Sunday, 26 July 2009

Lights, Camera, Action - Gillian Philip


I watch too many movies. I should read more, watch less. But my misspent hours with my DVDs aren’t entirely wasted, professionally speaking. There are scenes in my favourite films that I’d love to be able to – well, not reproduce, obviously; that would be stealing. But I’d like to get the same energy, the same straight-to gut hit that you get from the best movie scenes.

It’s not possible, obviously. Movies don’t have to hang about describing the landscape, they just dump you straight in it. Same with character description, the weather, the background music... There are scenes that are all but perfect film moments and they couldn’t be written – or not in the same way, not as a sort of storyboard-in-a-novel. The tango scene in Moulin Rouge! could only be a movie scene; it couldn’t live that way in prose. Some movies do it better even when there is a book – Sonny Corleone’s book-bound death in The Godfather was never as elegant and brutal as the one he met in the film.
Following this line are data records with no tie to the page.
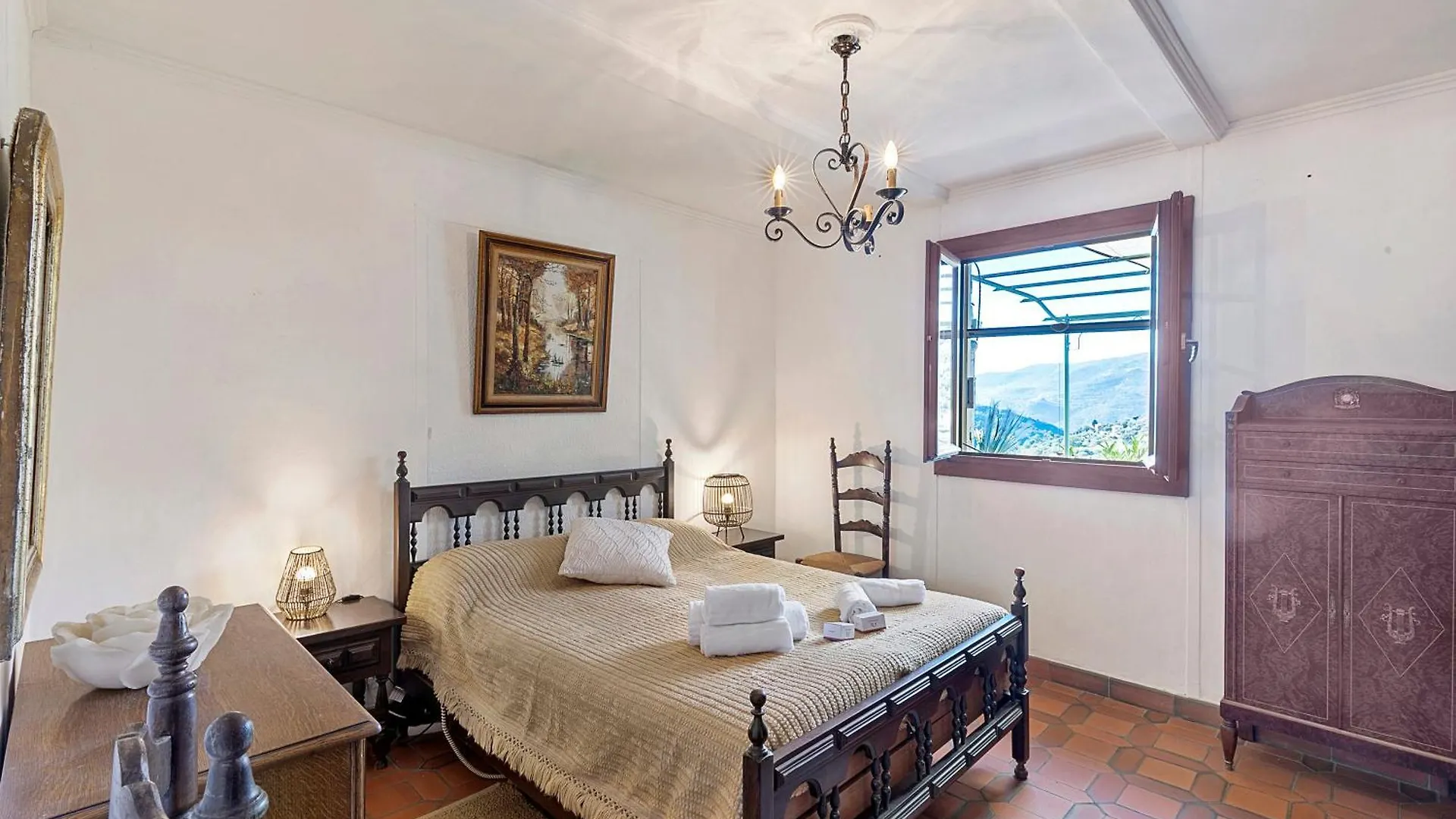 Apartment Villa Benni - Swimming Pool Mountain View - Happy Rentals Levens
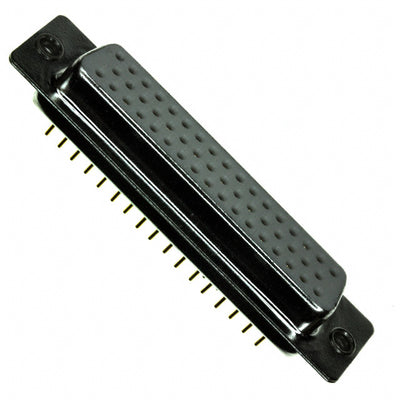 172-E50-212-011 by NorComp Inc. - CONNECTOR D-SUB RCPT 50P PNL MNT SLDR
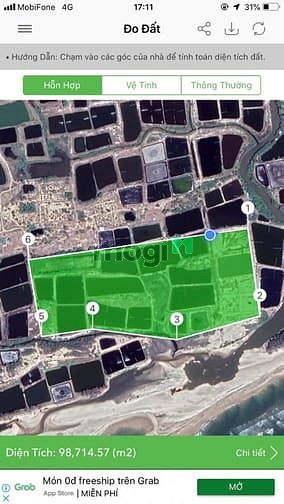 Hình ảnh Bán 10 héc đất biển Hồ Lân Tân Thắng giá 100 tỷ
I was thinking about both those scenes recently because I’m on holiday and I ran out of books (sob), and moved all too early onto DVDs. But just as I was in the slough of despond about not being able to write a tango scene that danced, or a death scene that – well, that also danced – my eight-year-old daughter (who never seems in danger of running out of books) announced that the abridged version of Call Of The Wild was her new favourite.
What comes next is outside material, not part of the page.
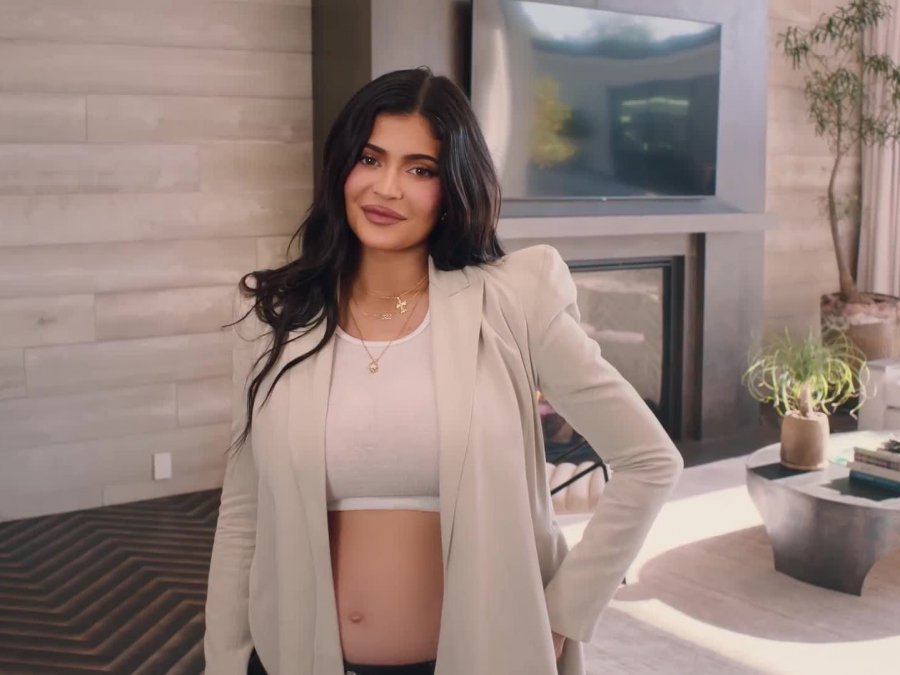 Në pritje të fëmijës së dytë, Kylie Jenner zbulon gjininë e foshnjes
‘Good pictures, too,’ says I.

‘Yes, the pictures of Buck were good. But John Thornton didn’t look like that.’

‘Oh,’ says I.

‘The pictures are good,’ she says, ‘but my mind-pictures are always the best.’
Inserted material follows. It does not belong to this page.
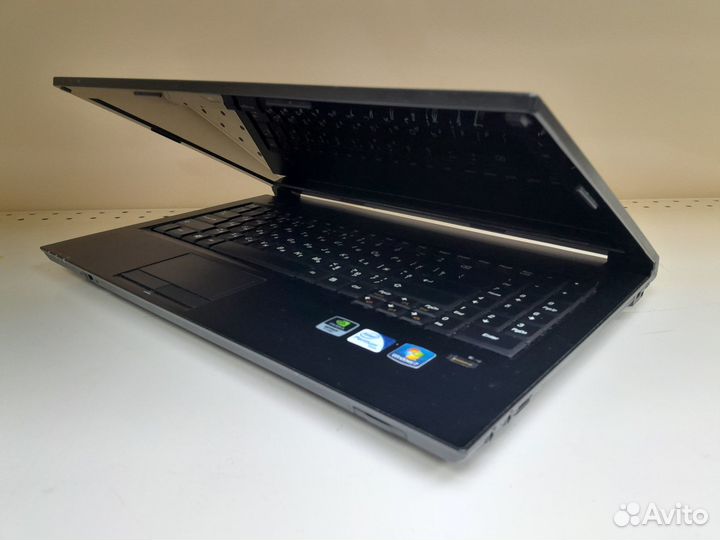 Ноутбук / Core I3 / 4Gb / nvidia / до 8Gb+SSD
Which reminded me of something someone said recently – and I have to apologise because I can’t remember if it was here or on Facebook or somewhere else, so I have to paraphrase – ‘No two people in the world ever read the same book.’

Which is so reassuringly true: everybody has a different mind-picture. Everybody sees the same film – more or less. Visually, anyway. But everybody reads a different book. I’d love to see what readers see when they read my characters but it’s probably just as well that I never will - though I get a real kick out of hearing how someone else pictured a character or placed a scene. It’s magical to think of someone reading your words, but making his own mind-picture. (What’s more, the power of the mind-picture is consolation for any author who hates the face printed on the cover of their book.)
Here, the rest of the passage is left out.